━━━━━ Dataset records ━━━━━

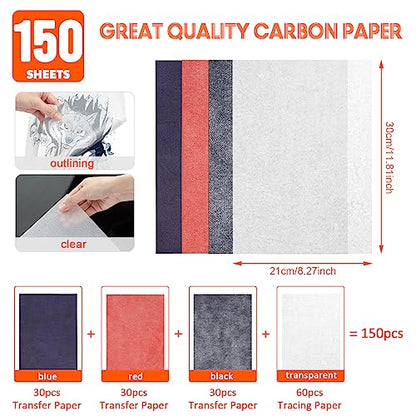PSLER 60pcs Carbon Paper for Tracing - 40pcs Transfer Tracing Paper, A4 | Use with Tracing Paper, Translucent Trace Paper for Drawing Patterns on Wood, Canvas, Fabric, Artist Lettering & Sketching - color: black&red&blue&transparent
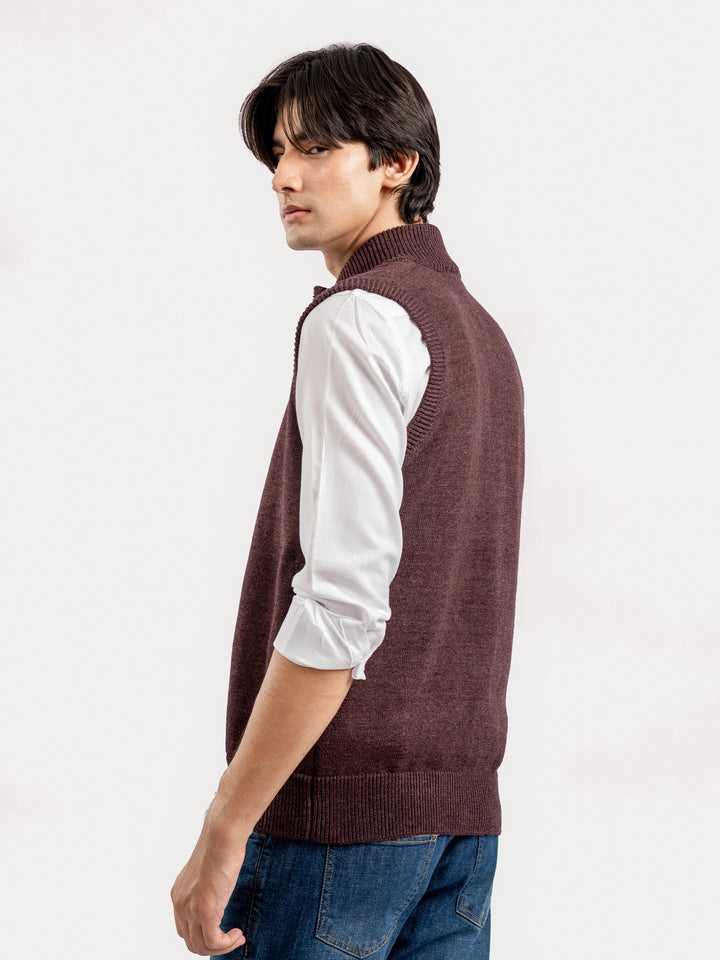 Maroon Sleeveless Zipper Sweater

━━━━━
━━━━━ Dataset records ━━━━━

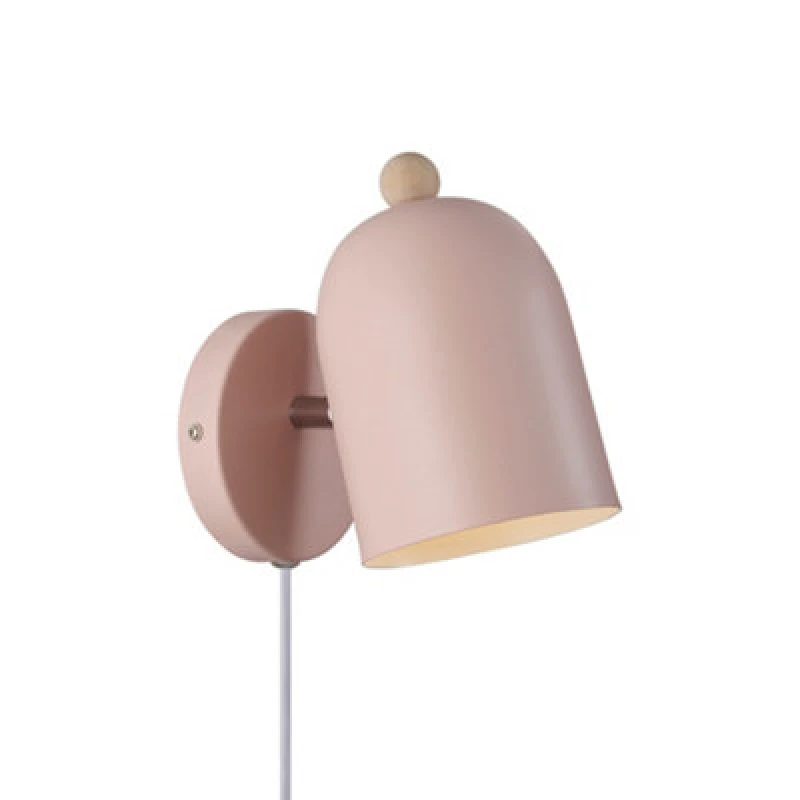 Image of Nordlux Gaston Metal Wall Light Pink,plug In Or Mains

━━━━━
━━━━━ Dataset records ━━━━━

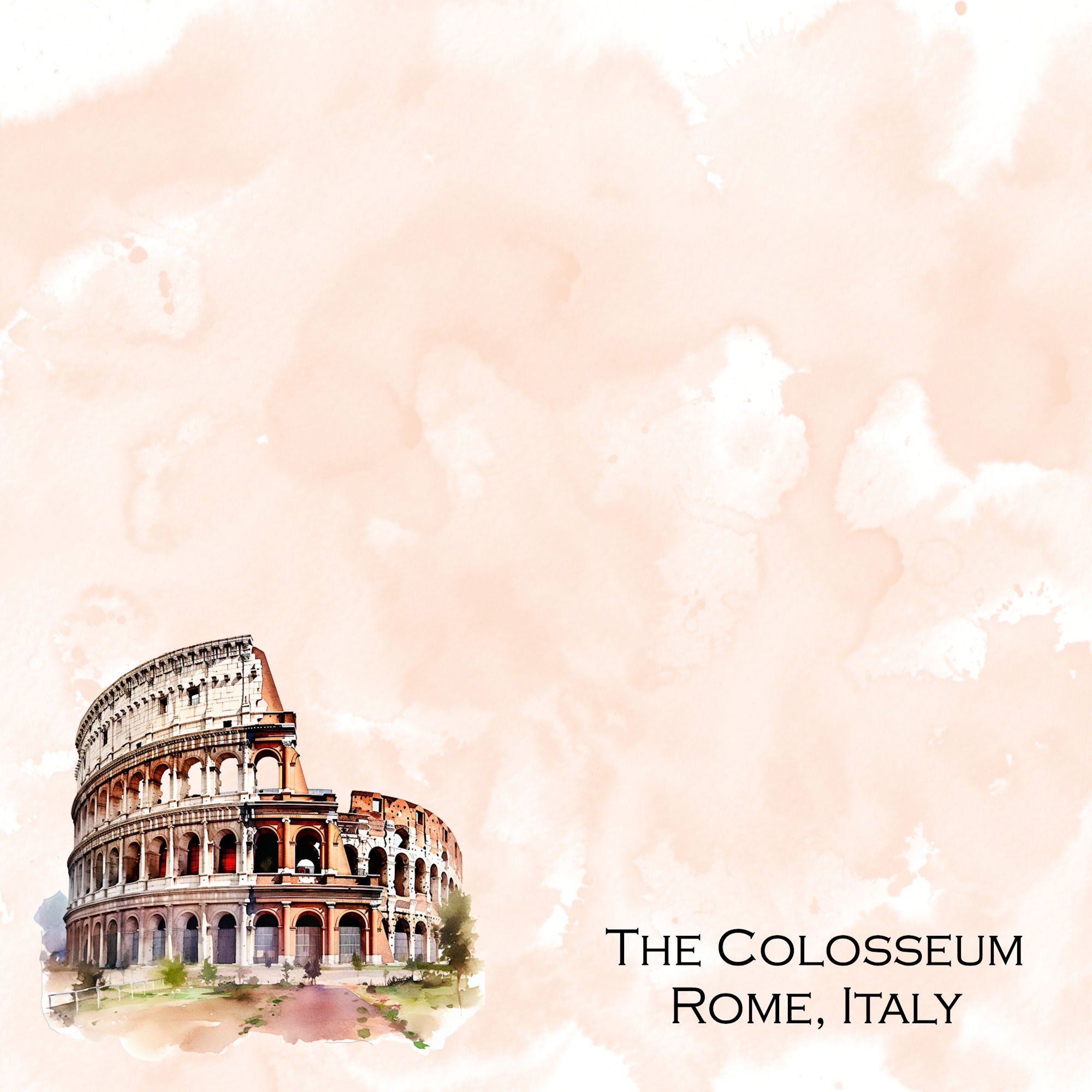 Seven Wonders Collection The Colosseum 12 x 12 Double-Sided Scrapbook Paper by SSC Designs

━━━━━

Activity ▸
From the data above, return only the lines starting at the line that holds "PSLER 60pcs Carbon" and ending at the line that holds "Maroon Sleeveless Zipper Sweater", word for word and without pictures.

Answer section ▸
PSLER 60pcs Carbon Paper for Tracing - 40pcs Transfer Tracing Paper, A4 | Use with Tracing Paper, Translucent Trace Paper for Drawing Patterns on Wood, Canvas, Fabric, Artist Lettering & Sketching - color: black&red&blue&transparent
 Maroon Sleeveless Zipper Sweater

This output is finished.